» The problem
Beginning at the top of the entries below, retype each line exactly until the line containing "a bedroom with" has been written out; include no pictures and no later lines.

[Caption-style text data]
════════════════════

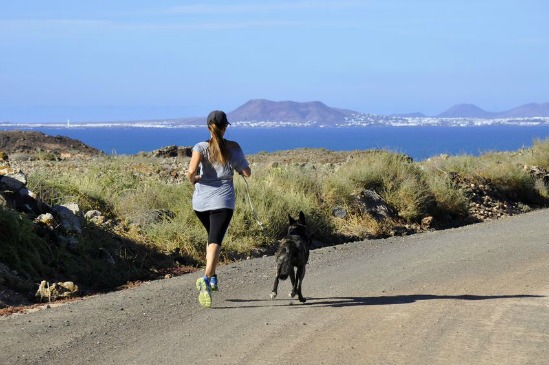 woman running with her dog. https://www.info-on-high-blood-pressure.com/Pets-And-High-Blood-Pressure.html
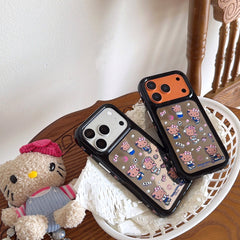Two Hello Kitty mirror phone cases with silver and orange frames displayed in a white basket next to a plush doll.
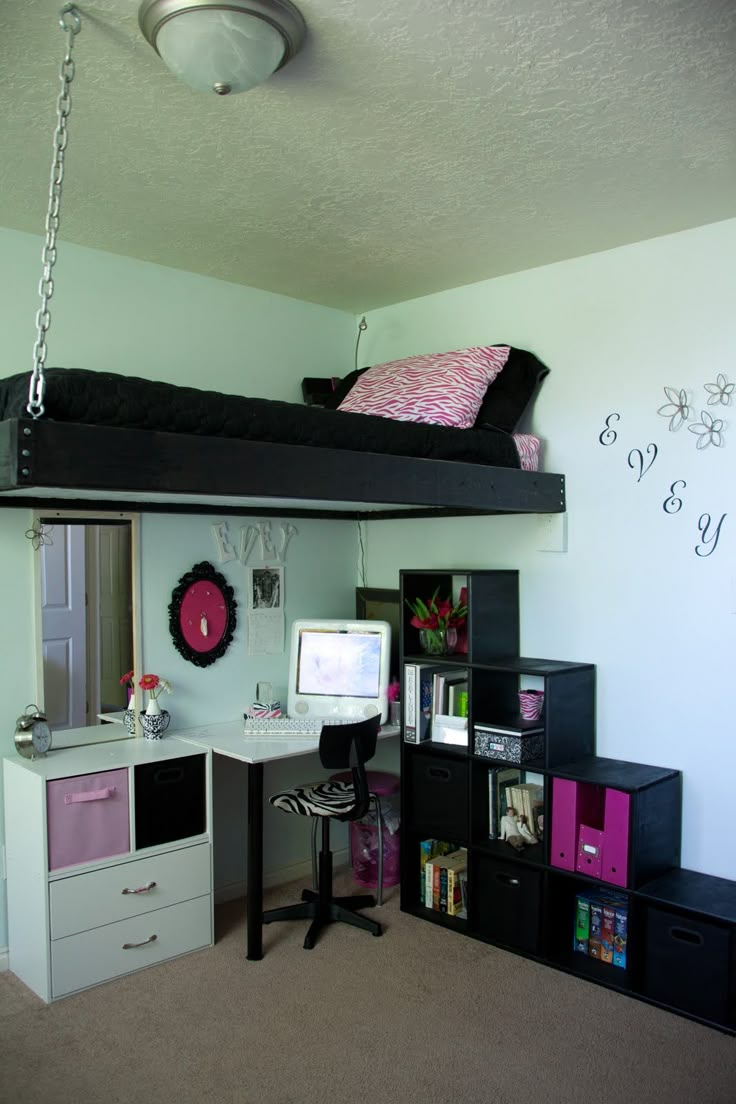 a bedroom with a loft bed, desk and computer on the bottom bunk is shown in an instagram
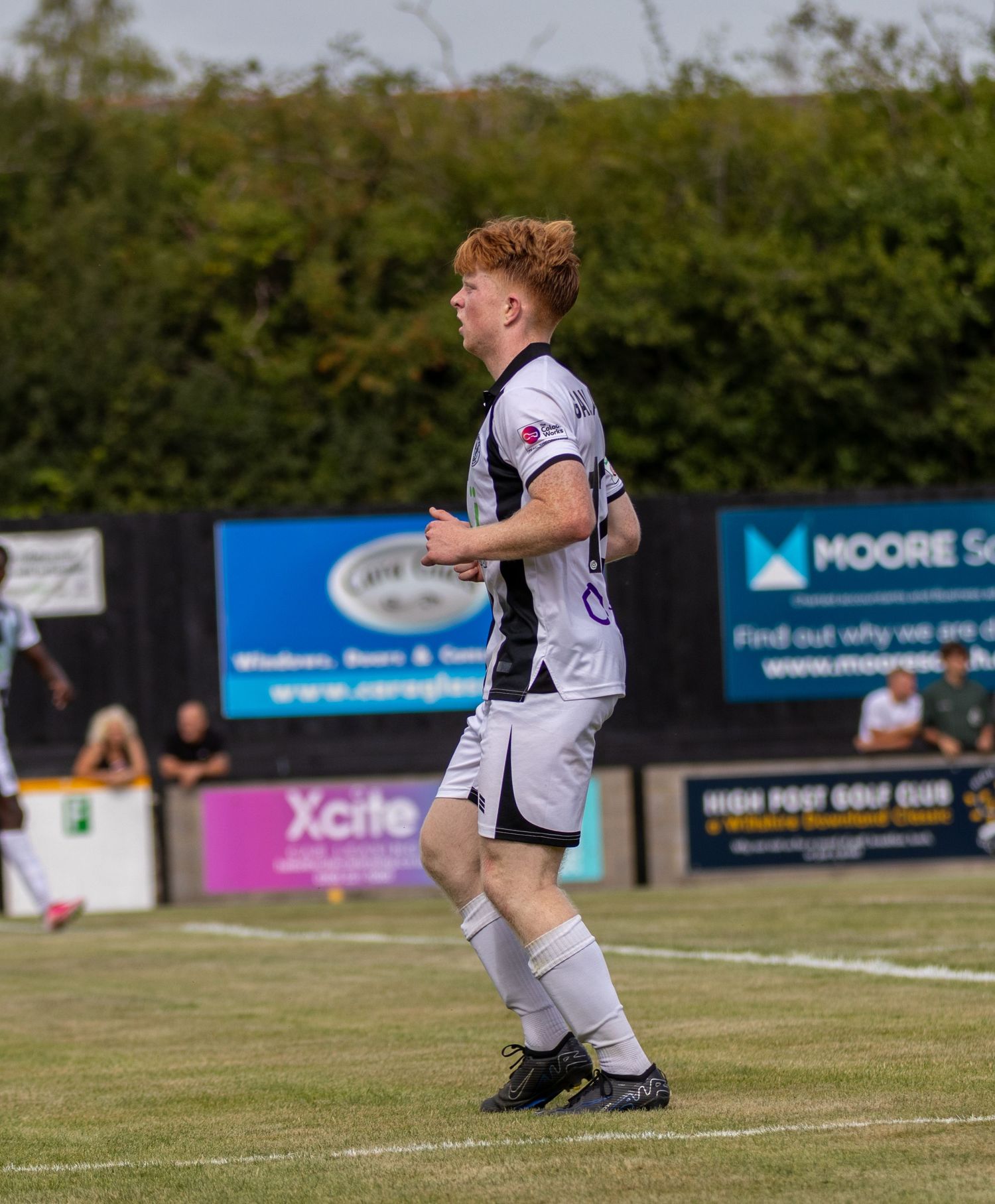 A young red-haired footballer in black and white kit jogging during a non-league football match on a sunny day.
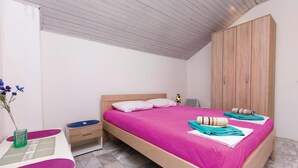 Une chambre à coucher comprenant un lit, une table de chevet, une armoire et une petite table sur laquelle est posé un vase de fleurs.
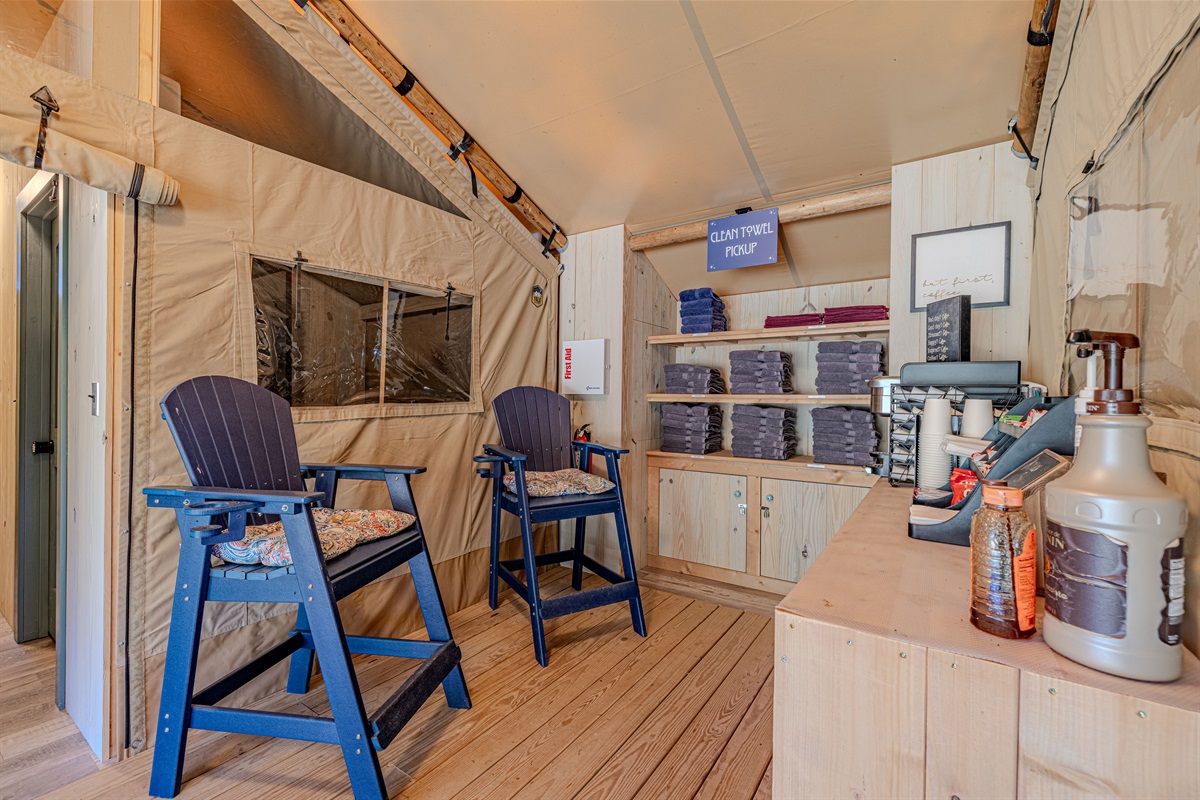 Recharge and refresh. Stop by the campground's cashless store for your morning caffeine fix, grab a fresh towel, and take a moment to relax in the shade before your day begins.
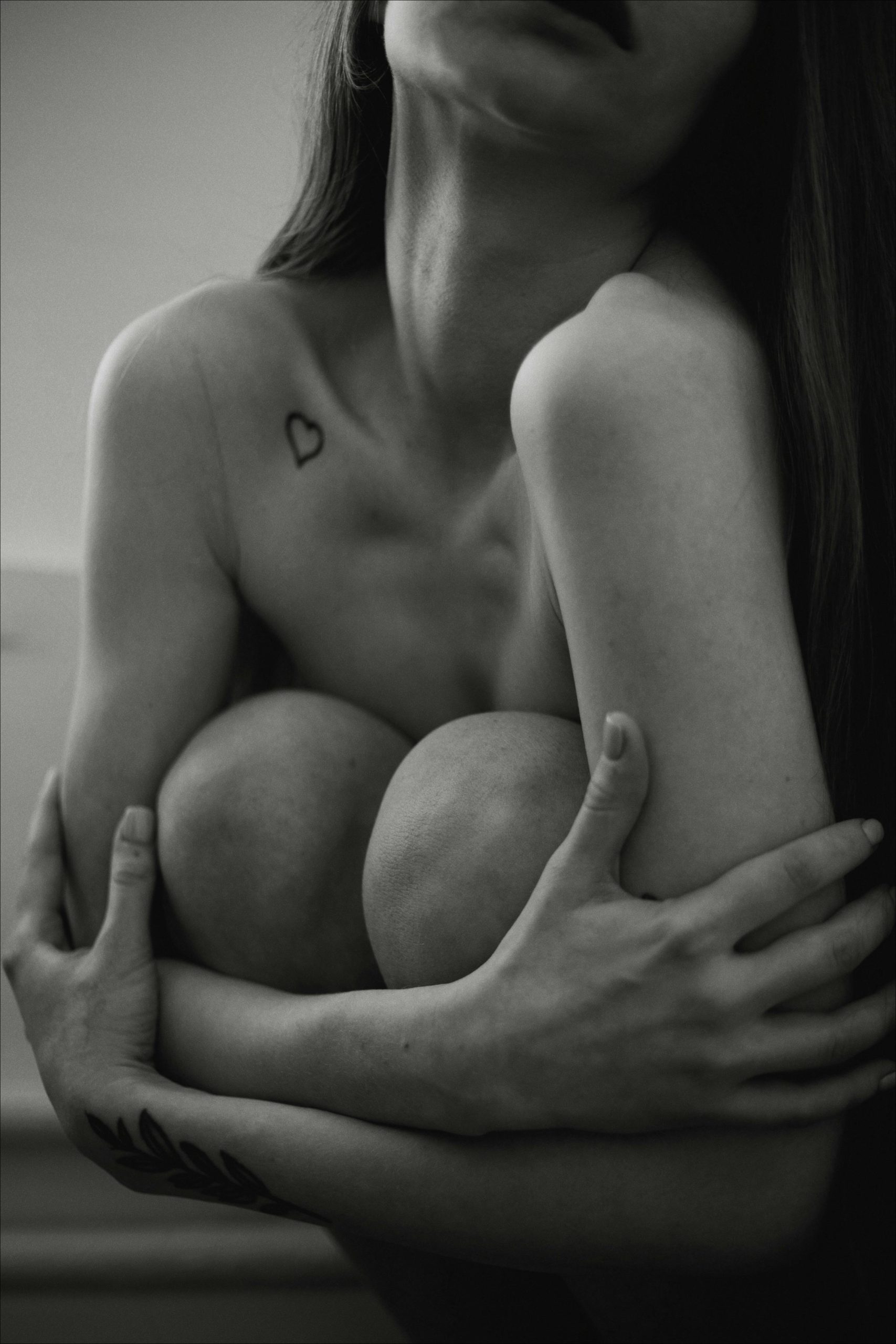 Portrait émouvant en noir et blanc d'une femme enlaçant ses genoux, mettant en valeur son art corporel.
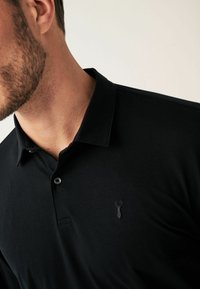 Next Polosärk - black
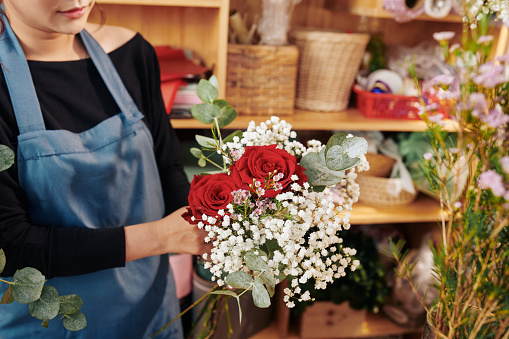 Female florist showing beautiful bouquet with red roses, gypsophila and eucalyptus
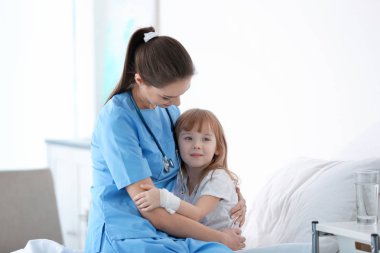Doktor hastane odasında küçük kız kucaklayan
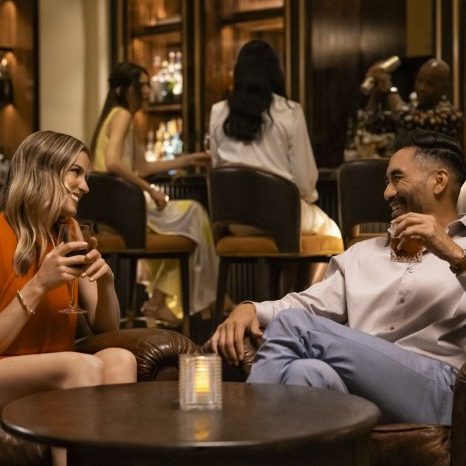 Elegant resort lounge with guests enjoying drinks and conversation.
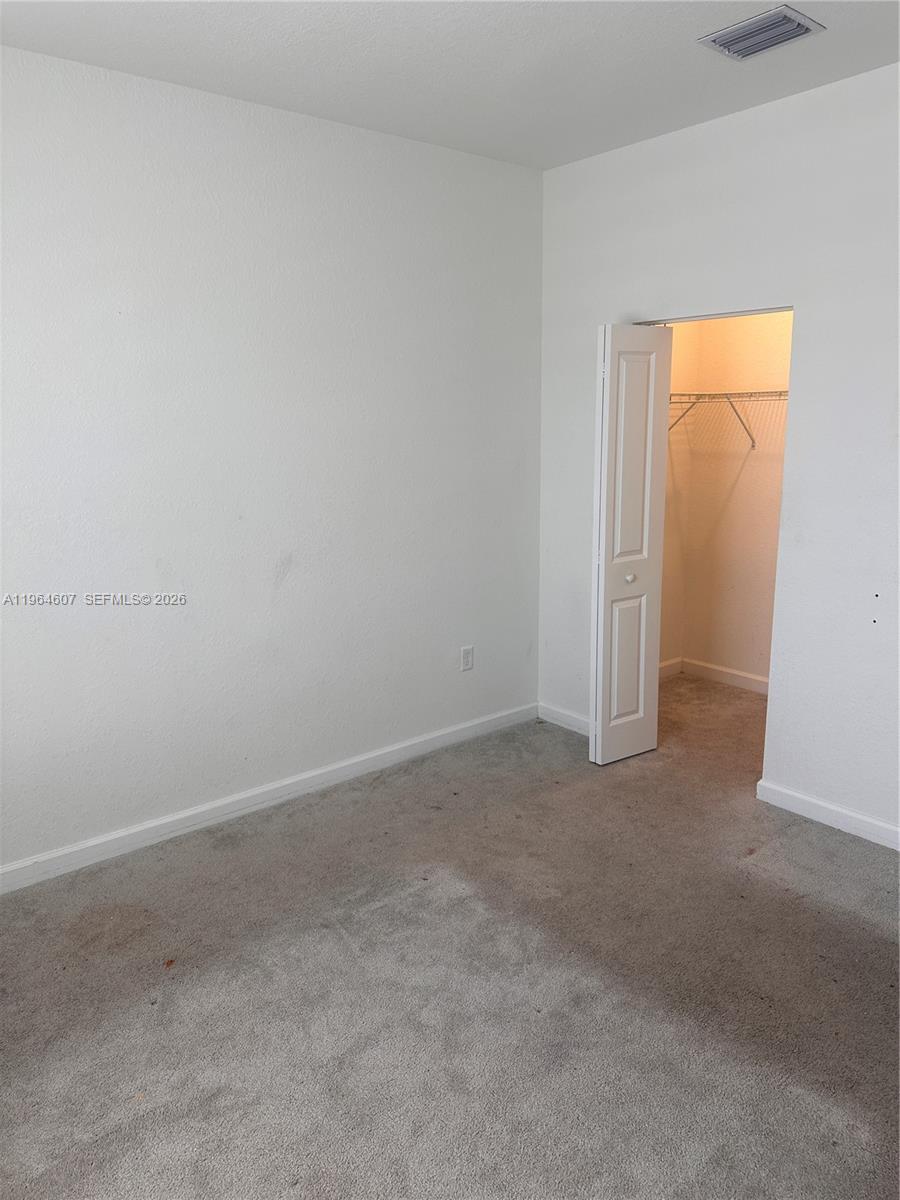 623 Southeast 13th St Circle Homestead, FL 33034 - Photo 9 of 28 a view of an empty room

════════════════════

» Solution to the problem
 woman running with her dog. https://www.info-on-high-blood-pressure.com/Pets-And-High-Blood-Pressure.html
Two Hello Kitty mirror phone cases with silver and orange frames displayed in a white basket next to a plush doll.
 a bedroom with a loft bed, desk and computer on the bottom bunk is shown in an instagram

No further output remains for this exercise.